▸ **Directions for this task**
The stretch from the line with "Zara daisy print" through the line with "2023 Bentley FLYING SPUR photo 4" in the records below: write it out exactly, and nothing else.
○ ○ ○ ○ ○ ○ ○
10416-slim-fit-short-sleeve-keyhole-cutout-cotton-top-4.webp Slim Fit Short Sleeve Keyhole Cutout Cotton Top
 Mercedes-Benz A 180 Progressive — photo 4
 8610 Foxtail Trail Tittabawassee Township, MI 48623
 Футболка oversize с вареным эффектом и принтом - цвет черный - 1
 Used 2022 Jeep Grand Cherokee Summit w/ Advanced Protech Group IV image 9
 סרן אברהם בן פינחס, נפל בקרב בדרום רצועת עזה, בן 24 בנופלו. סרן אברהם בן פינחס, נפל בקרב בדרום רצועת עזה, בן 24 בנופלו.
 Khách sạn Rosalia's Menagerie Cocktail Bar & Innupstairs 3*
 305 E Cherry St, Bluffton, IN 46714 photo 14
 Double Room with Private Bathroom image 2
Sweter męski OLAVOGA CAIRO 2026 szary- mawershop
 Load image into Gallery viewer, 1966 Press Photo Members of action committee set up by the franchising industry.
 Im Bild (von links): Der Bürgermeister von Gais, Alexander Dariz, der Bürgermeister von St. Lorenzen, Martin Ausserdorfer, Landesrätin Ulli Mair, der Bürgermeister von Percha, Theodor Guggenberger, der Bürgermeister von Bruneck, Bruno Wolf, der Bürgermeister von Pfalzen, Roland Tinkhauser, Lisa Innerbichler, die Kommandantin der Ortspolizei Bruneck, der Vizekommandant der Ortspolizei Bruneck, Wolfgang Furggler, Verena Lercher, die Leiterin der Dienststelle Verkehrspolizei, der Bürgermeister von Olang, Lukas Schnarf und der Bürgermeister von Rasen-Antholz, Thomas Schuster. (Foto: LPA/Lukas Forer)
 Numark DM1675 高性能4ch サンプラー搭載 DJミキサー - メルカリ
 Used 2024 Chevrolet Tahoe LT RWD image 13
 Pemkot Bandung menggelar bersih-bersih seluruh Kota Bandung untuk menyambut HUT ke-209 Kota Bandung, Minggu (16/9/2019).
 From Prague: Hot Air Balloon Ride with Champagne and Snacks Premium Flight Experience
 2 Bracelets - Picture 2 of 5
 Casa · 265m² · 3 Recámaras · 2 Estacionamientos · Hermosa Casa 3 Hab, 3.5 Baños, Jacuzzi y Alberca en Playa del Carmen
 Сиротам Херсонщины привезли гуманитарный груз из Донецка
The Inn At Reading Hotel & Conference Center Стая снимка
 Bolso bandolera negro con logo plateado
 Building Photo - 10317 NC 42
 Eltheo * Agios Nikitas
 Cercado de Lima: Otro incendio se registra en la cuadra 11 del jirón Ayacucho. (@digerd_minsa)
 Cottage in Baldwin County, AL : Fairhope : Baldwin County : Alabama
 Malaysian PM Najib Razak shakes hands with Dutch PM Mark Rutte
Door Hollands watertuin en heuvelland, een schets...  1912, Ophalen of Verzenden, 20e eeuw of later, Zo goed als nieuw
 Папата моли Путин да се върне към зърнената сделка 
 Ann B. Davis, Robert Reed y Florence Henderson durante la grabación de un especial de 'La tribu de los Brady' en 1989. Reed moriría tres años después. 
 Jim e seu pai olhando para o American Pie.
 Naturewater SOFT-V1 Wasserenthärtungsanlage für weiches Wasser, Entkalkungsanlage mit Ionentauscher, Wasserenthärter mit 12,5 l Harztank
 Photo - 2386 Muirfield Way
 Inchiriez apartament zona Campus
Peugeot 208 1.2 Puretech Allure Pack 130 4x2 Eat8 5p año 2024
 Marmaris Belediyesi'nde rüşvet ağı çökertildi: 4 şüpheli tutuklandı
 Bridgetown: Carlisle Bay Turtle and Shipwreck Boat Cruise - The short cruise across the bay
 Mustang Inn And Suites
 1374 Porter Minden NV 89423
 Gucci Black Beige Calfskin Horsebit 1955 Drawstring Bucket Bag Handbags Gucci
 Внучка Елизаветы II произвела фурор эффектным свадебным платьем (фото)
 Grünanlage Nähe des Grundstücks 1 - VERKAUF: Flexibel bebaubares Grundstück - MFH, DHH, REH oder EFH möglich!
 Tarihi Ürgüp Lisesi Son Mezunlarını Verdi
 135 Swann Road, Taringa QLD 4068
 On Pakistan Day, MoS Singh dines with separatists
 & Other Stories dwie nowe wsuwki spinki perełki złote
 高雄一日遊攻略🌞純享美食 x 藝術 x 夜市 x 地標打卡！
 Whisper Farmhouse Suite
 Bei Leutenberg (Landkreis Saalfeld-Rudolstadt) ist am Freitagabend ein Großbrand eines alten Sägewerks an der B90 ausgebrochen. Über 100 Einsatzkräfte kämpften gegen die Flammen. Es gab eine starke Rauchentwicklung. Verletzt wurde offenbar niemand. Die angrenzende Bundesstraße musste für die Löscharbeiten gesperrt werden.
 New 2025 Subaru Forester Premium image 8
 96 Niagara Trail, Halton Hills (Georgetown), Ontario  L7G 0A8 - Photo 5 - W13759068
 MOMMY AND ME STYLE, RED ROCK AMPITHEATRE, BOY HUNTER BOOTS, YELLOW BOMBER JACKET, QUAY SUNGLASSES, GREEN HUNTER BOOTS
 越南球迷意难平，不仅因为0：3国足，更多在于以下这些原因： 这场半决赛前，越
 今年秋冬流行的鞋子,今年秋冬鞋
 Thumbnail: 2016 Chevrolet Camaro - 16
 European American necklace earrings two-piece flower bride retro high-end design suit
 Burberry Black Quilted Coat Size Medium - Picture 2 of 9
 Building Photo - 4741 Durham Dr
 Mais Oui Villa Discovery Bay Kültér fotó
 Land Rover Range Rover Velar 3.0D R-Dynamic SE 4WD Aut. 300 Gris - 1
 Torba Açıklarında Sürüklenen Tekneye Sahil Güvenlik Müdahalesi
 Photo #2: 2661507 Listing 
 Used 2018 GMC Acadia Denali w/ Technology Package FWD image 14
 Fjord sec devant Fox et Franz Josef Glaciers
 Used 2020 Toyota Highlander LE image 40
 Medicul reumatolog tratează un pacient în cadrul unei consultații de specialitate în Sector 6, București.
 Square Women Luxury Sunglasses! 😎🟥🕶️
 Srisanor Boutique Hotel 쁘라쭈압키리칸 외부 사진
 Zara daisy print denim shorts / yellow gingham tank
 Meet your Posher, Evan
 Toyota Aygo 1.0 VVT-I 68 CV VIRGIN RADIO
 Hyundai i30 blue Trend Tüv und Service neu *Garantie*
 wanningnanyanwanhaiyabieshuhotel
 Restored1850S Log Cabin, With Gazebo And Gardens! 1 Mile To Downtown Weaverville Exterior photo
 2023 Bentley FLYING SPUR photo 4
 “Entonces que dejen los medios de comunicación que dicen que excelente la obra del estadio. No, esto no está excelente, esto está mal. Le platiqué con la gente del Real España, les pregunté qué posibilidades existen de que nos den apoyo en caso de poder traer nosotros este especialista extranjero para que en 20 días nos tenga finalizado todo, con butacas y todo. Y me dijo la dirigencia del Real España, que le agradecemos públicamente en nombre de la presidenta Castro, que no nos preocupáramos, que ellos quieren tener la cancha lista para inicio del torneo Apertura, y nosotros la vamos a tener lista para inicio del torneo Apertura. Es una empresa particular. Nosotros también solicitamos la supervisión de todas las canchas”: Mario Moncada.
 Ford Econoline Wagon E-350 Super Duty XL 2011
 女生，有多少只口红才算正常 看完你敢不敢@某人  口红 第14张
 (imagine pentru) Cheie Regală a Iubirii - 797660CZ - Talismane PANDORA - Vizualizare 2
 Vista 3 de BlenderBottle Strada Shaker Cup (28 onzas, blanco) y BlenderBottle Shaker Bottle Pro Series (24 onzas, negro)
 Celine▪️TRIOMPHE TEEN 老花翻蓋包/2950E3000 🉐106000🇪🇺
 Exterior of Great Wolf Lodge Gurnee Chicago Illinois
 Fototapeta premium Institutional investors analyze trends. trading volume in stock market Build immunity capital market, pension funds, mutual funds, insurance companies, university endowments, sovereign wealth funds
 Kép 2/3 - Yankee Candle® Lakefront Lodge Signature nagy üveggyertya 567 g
○ ○ ○ ○ ○ ○ ○
▸ **Response for this exercise**
 Zara daisy print denim shorts / yellow gingham tank
 Meet your Posher, Evan
 Toyota Aygo 1.0 VVT-I 68 CV VIRGIN RADIO
 Hyundai i30 blue Trend Tüv und Service neu *Garantie*
 wanningnanyanwanhaiyabieshuhotel
 Restored1850S Log Cabin, With Gazebo And Gardens! 1 Mile To Downtown Weaverville Exterior photo
 2023 Bentley FLYING SPUR photo 4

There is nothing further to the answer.